Activity:
All of the records below are to be given again word for word, with the pictures removed.

□ □ □ □ □

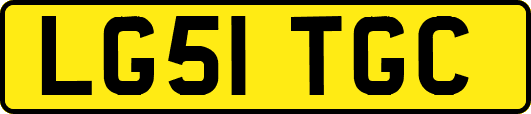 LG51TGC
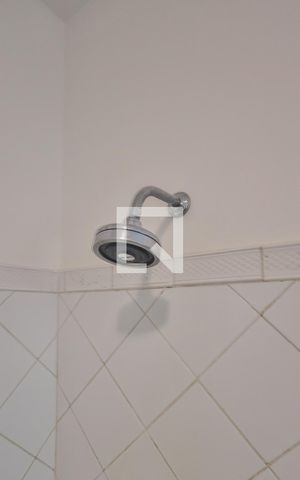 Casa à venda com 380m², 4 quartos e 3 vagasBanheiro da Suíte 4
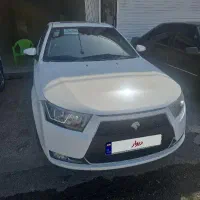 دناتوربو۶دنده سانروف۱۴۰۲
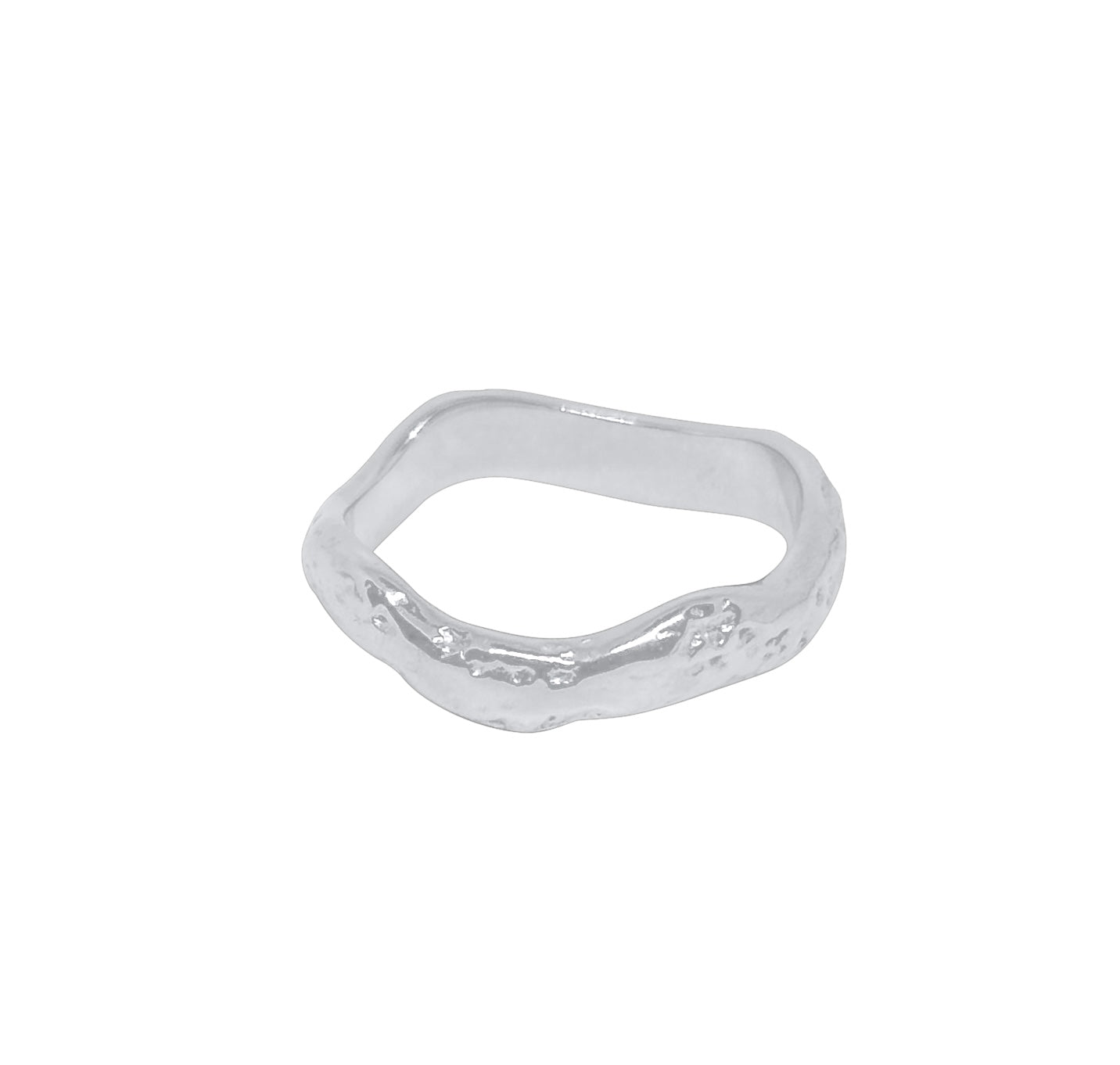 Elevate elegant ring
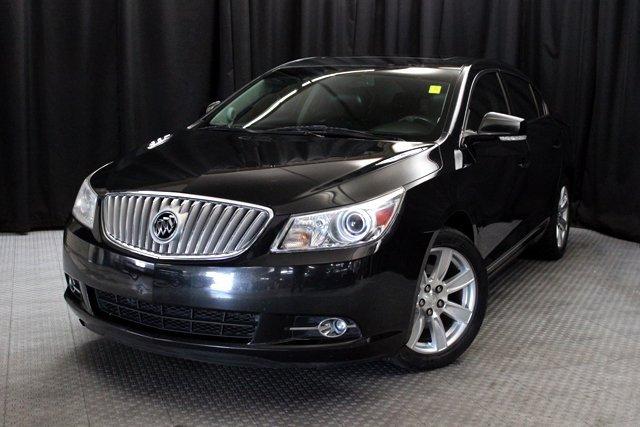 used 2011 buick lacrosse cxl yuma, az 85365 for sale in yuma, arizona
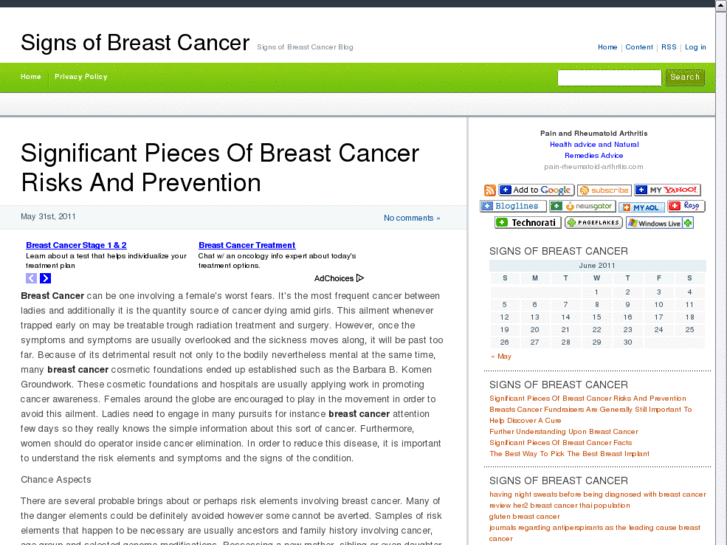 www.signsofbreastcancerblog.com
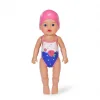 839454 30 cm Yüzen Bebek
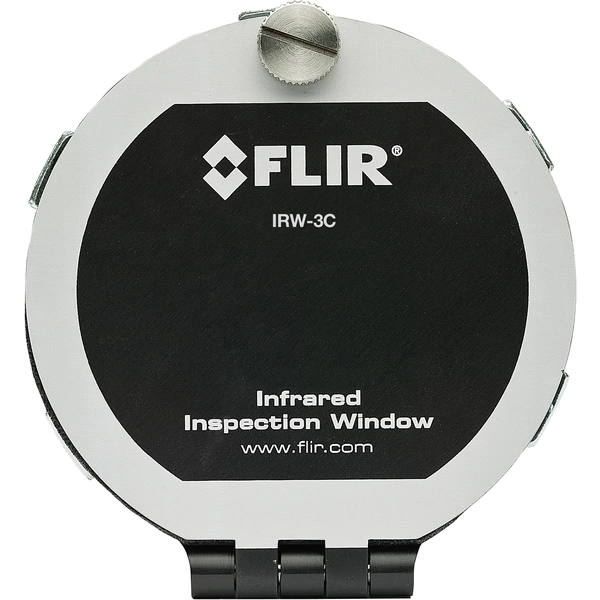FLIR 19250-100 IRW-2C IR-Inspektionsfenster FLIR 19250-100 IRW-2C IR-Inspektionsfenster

□ □ □ □ □

Solution for this task:
 LG51TGC
 Casa à venda com 380m², 4 quartos e 3 vagasBanheiro da Suíte 4
 دناتوربو۶دنده سانروف۱۴۰۲
 Elevate elegant ring
 used 2011 buick lacrosse cxl yuma, az 85365 for sale in yuma, arizona
 www.signsofbreastcancerblog.com
 839454 30 cm Yüzen Bebek
FLIR 19250-100 IRW-2C IR-Inspektionsfenster FLIR 19250-100 IRW-2C IR-Inspektionsfenster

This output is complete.